In 2022, Washington’s Legislature passed ESSB 5974, permitting the increase of several taxes and fees in order to fund ostensibly eco-friendly transportation projects and initiatives, and includes several provisions that transcend its exclusive titular commitment to “transportation resources.” The bill also did a lot of other things; created rulemaking for the climate commitment act, permitted minors to ride ferries for free, raised money, spent money and became the proverbial Christmas tree of legislation in which everyone gets to add something. Unfortunately—as they are too often want to do—the Legislature’s move here is in patent violation of the Washington Constitution. Specifically, the bill runs afoul of the Constitution’s “single-subject rule” (art. II, §19), which prohibits the passage of—and thus voids ab initio (“from the start”)—any and laws that “embrace more than [the] one subject . . . expressed in the title.” This is hardly unique to Washington, with 40 other state constitutions containing the same or similar rule. Still, our lawmakers’ interpretation of the rule and its scope can vary substantially—and substantively—depending upon the political salience of the underlying policies. Several weeks ago, the Washington Supreme Court declined to accept jurisdiction of the case (for now) and sent it to the Washington Court of Appeals where it will likely be set for hearing soon.
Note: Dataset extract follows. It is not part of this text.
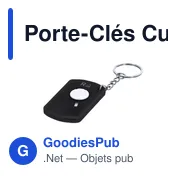 Porte-Clés Cutter personnalisable avec logo - Darson - Miniature 4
Sometimes the single-subject rule is not open to plausible debate. For example, a bill declaring July Washington’s “Ice Cream Month” cannot apportion public funds to Planned Parenthood. The impetus for this rule is obvious. Without it, our legislators would be tempted—that is, more so than they already are, with the rule ostensibly in place—to logroll and horse-trade scores of Frankenstein-like bills, shrouded in enough miasma to prevent most voters from ascribing a specific policy prescription to a particular lawmaker. To wit, if the “Ice Cream Month” bill also committed state resources to Planned Parenthood, any “aye” vote could claim they were only supporting one of the two (or more) subjects, and not whichever one has garnered public ire (more likely the latter). This is similar to the winning argument against the federal line-item veto, which starting in 1996 would have permitted the president to strike severable sections of a certain spending bills, signing the remainder into law. The U.S. Supreme Court struck down the attempt, reasoning, in part, that such “would authorize the President to create a different law” than the one Congress passed—“one whose text was not voted on by either House of Congress or presented to the President for signature.” In a similar sense, if Governor Inslee started taking a sharpie to sections of bills with which he disagreed, he would essentially be hijacking the Legislature’s core function as lawmaker, accountable first and foremost to the voters.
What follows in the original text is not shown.